Data excerpts:
============

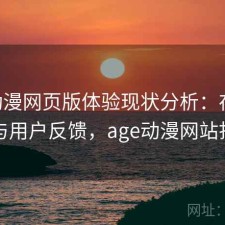 age动漫网页版体验现状分析：存在的问题与用户反馈，age动漫网站打不开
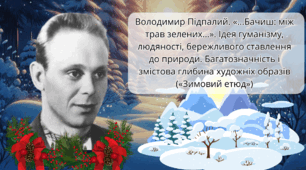 Володимир Підпалий. «…Бачиш: між трав зелених…». Ідея гуманізму, людяності, бережливого ставлення до природи. Багатозначність і змістова глибина художніх образів («Зимовий етюд»)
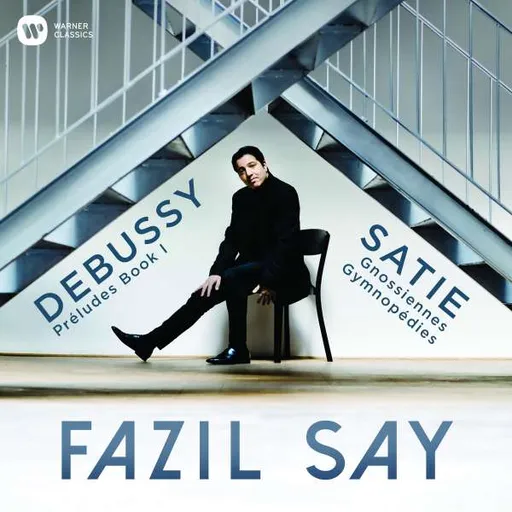 Fazıl Say, DEBUSSY: PRELUDES; SATIE: GYMNOPEDIES, GNOSSIENNES, CD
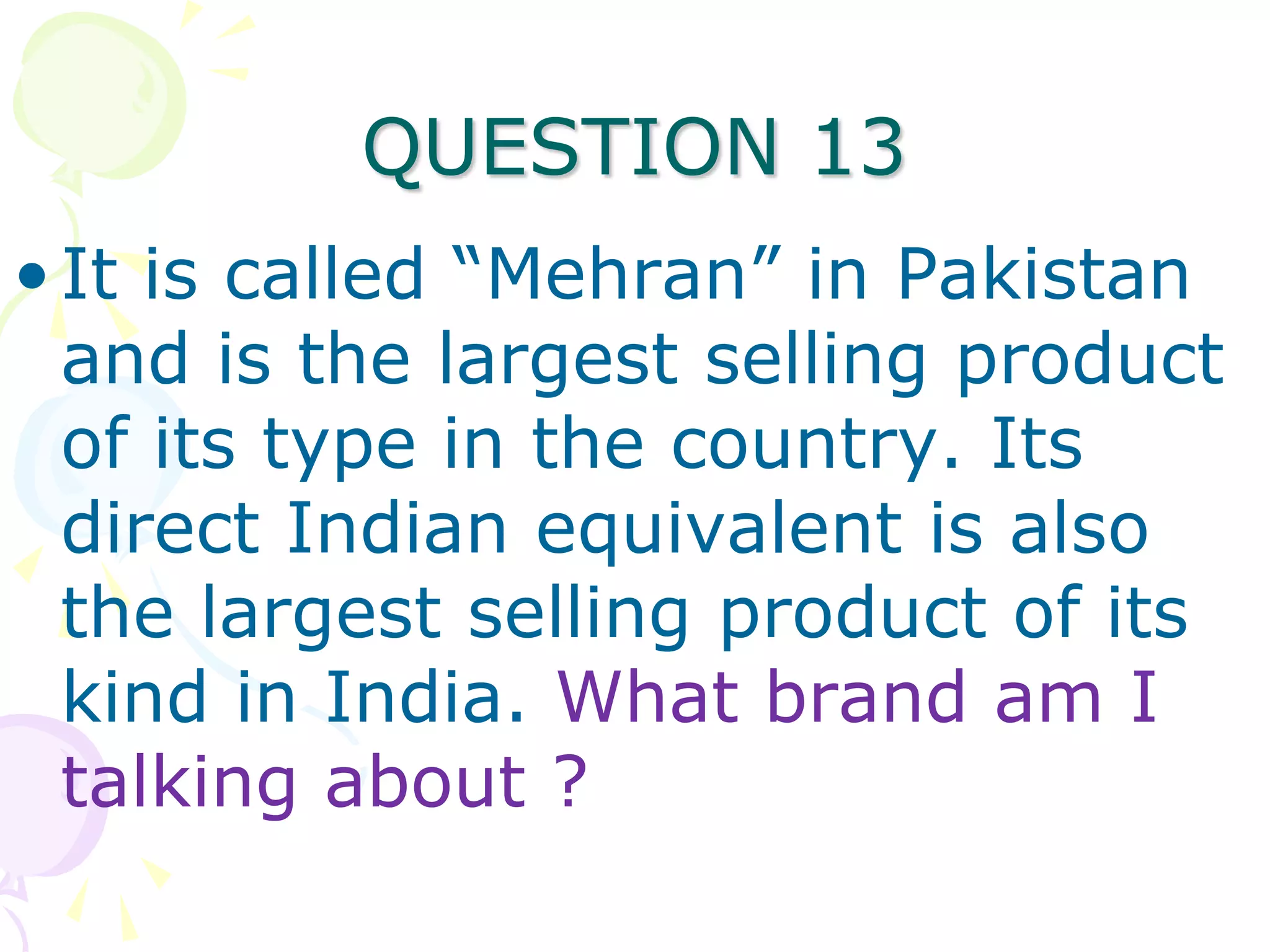 QUESTION 13
• It is called “Mehran” in Pakistan
  and is the largest selling product
  of its type in the country. Its
  direct Indian equivalent is also
  the largest selling product of its
  kind in India. What brand am I
  talking about ?
 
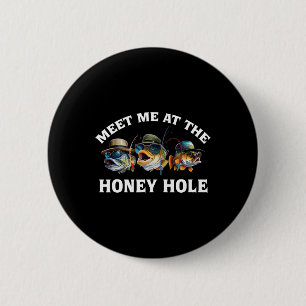 Treffen Sie mich auf dem Honey-Loch-Angeln Button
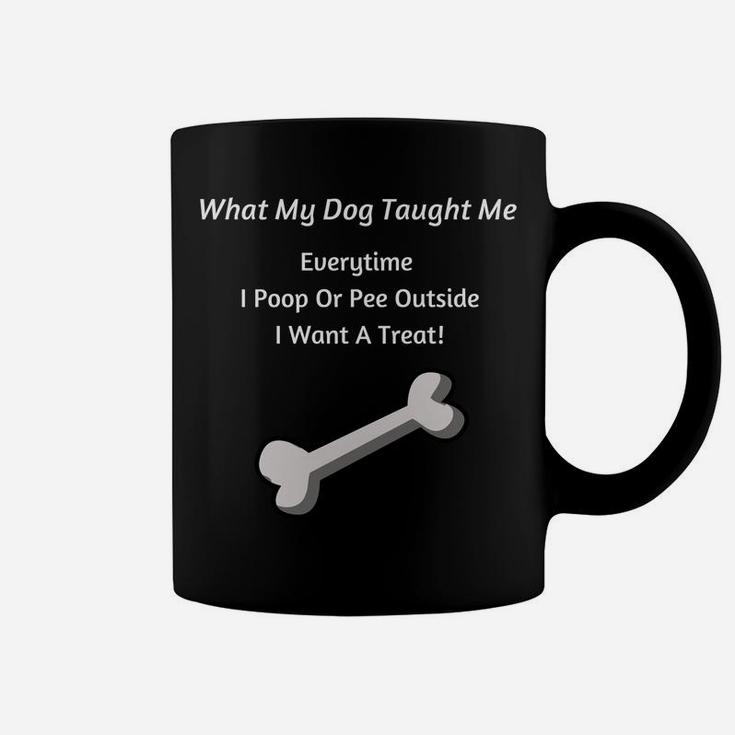 Funny Unisex For Dog Lovers What My Dog Taught Me Coffee Mug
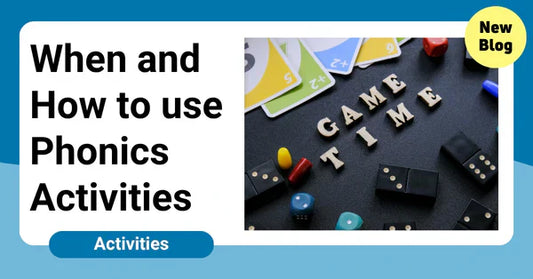 When and How to Use Phonics Activities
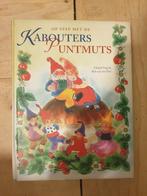 Kabouters Puntmuts - Sprookjesboek, Ophalen of Verzenden, Gelezen, Christl Vogl & Rob van het Hof, Sprookjes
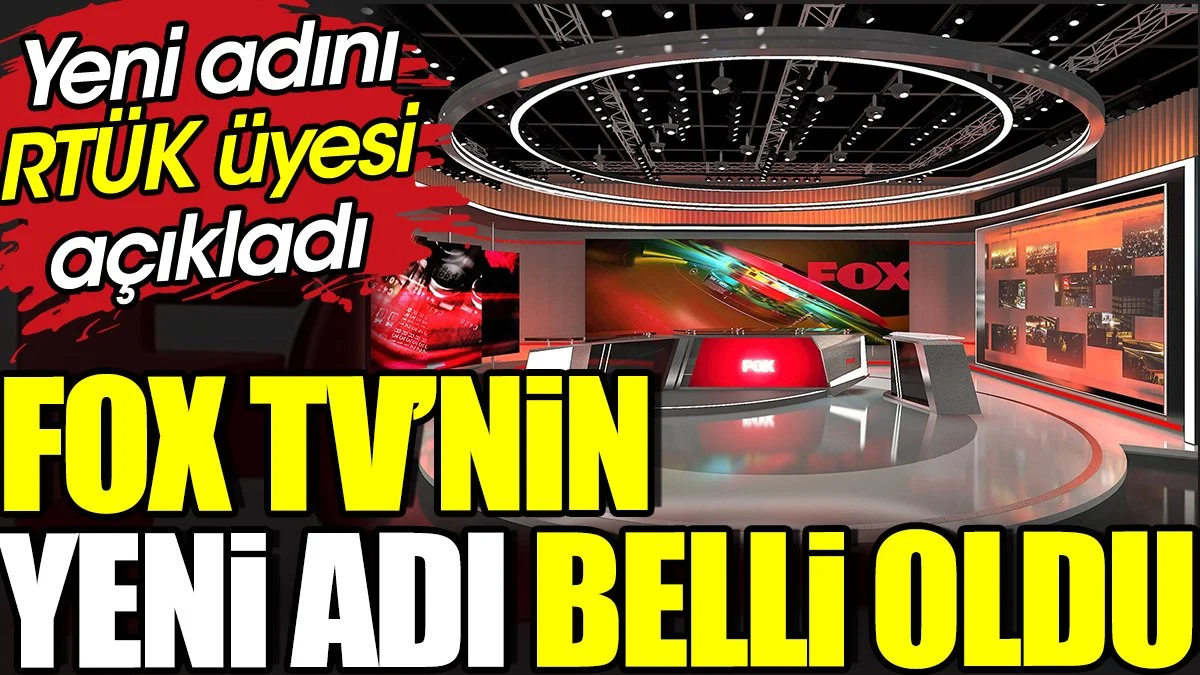 FOX TV'nin yeni adı belli oldu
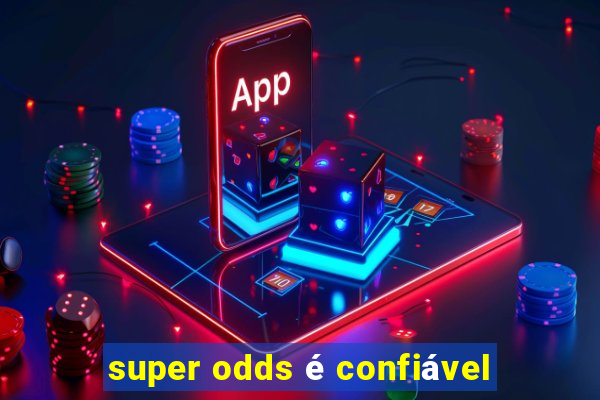 super odds é confiável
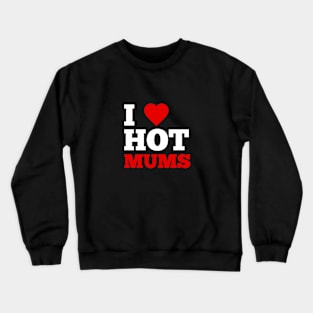 I Love Hot Mums Crewneck Sweatshirt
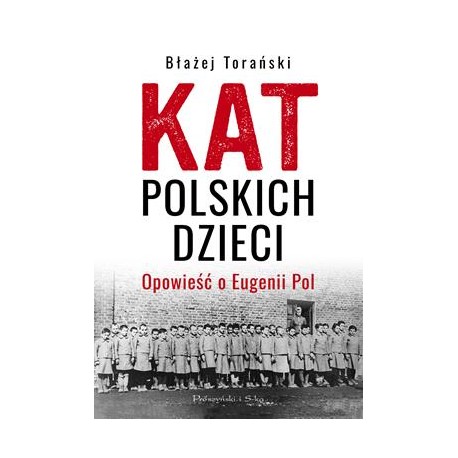 Kat polskich dzieci. Opowieść o Eugenii Pol Błażej Torański motyleksiązkowe.pl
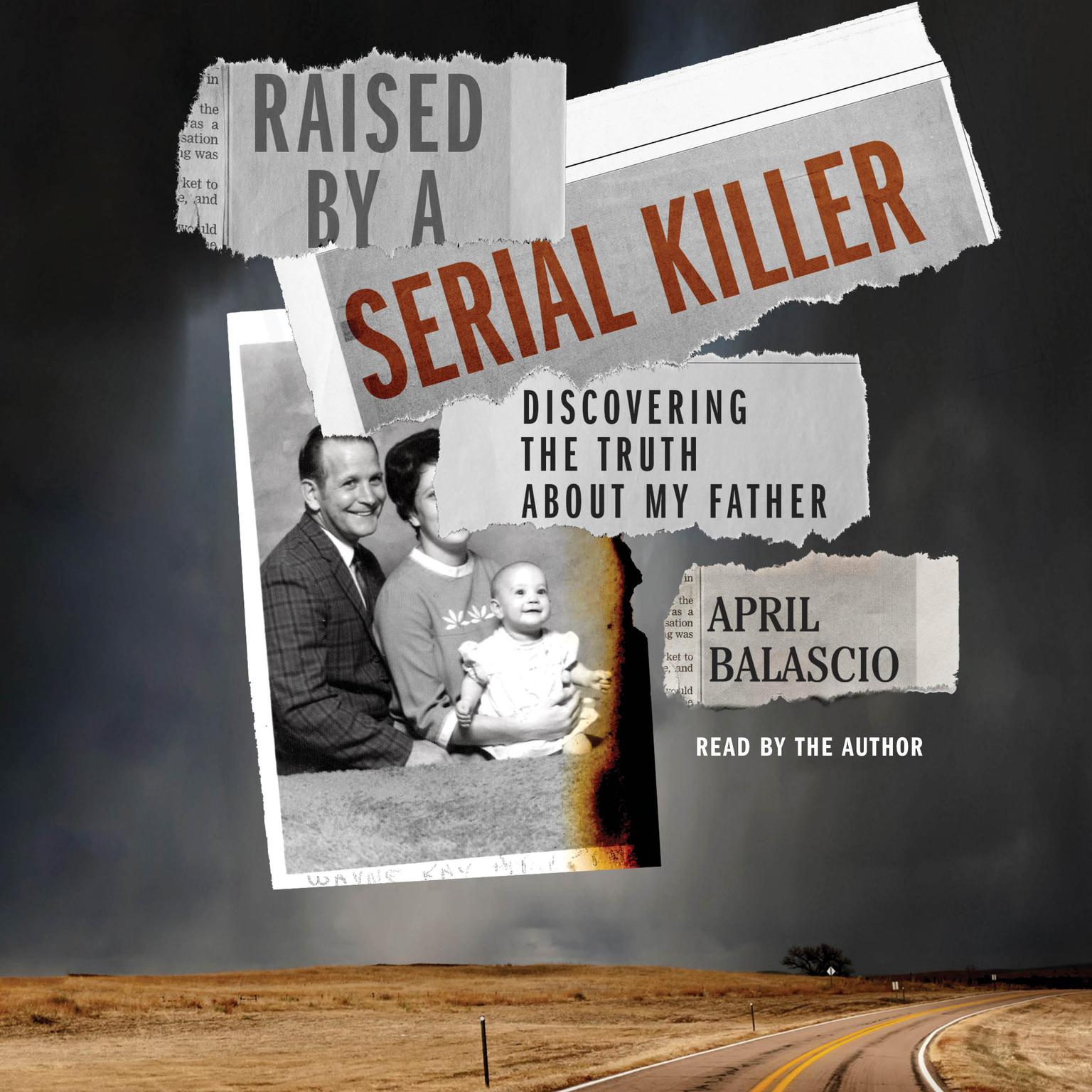 Raised by a Serial Killer: Discovering the Truth About My Father Audiobook, by April Balascio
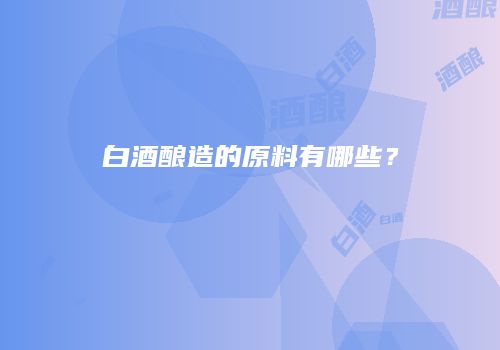 白酒酿造的原料有哪些？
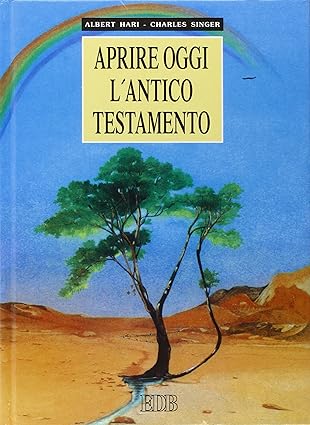 Aprire oggi l'Antico Testamento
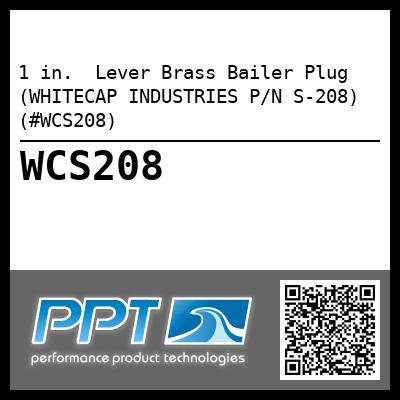 1 in.  Lever Brass Bailer Plug (WHITECAP INDUSTRIES P/N S-208) (#WCS208)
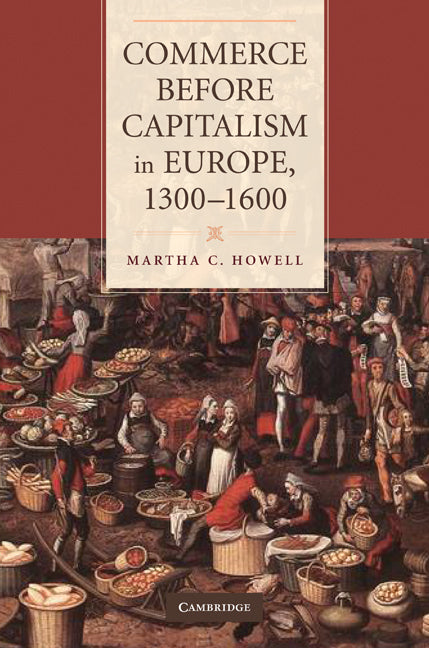 Commerce before Capitalism in Europe, 1300–1600 (Hardback) 9780521760461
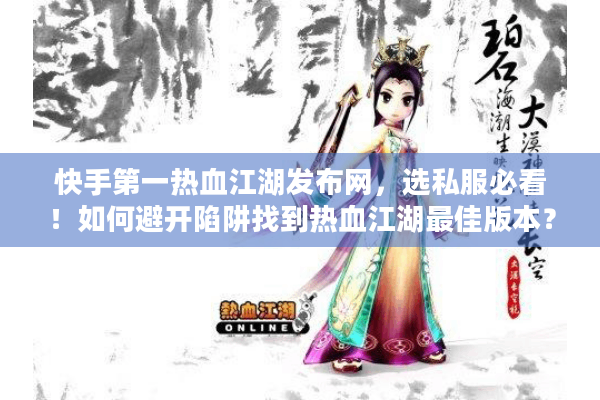 快手第一热血江湖发布网，选私服必看！如何避开陷阱找到热血江湖最佳版本？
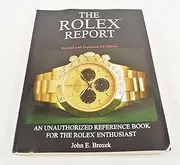 [John E. Brozek] The Rolex Report: An Unauthorized Reference Book For The Rolex Enthusiast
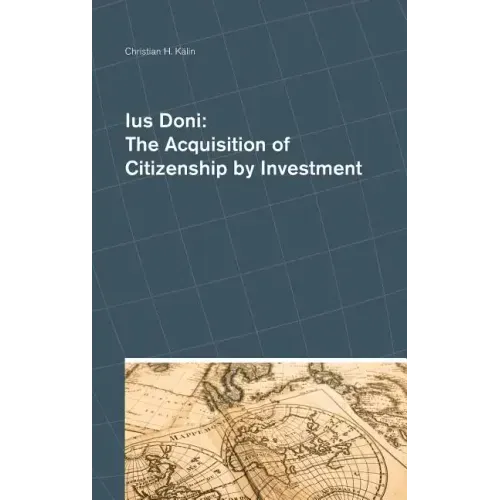 Ius Doni: The Acquisition of Citizenship by Investment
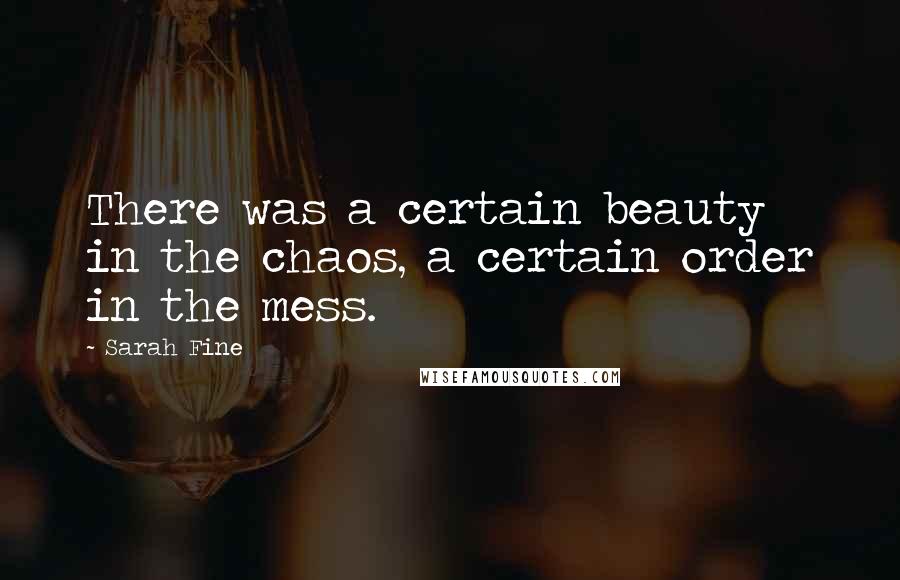 Sarah Fine Quotes: There was a certain beauty in the chaos, a certain order in the mess.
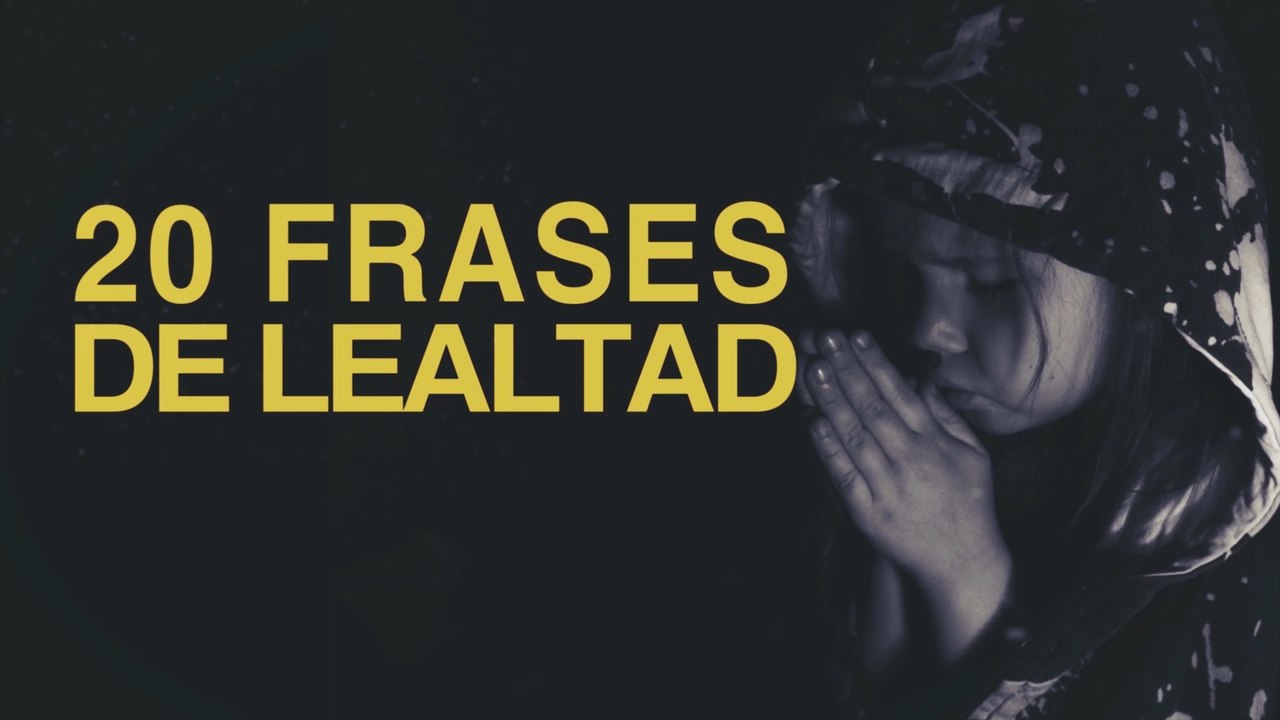 20 Frases de lealtad | Una cualidad ejemplar 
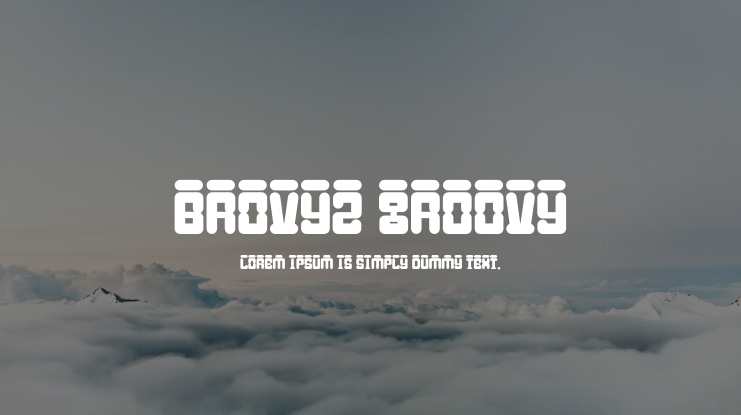 Brovyz Groovy Font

============

* Problem:
Take the line with "[John E. Brozek]" as the first line and the last line of the records above as the final one; reproduce exactly the lines between them, both included, without pictures.

* Response:
 [John E. Brozek] The Rolex Report: An Unauthorized Reference Book For The Rolex Enthusiast
 Ius Doni: The Acquisition of Citizenship by Investment
 Sarah Fine Quotes: There was a certain beauty in the chaos, a certain order in the mess.
 20 Frases de lealtad | Una cualidad ejemplar 
 Brovyz Groovy Font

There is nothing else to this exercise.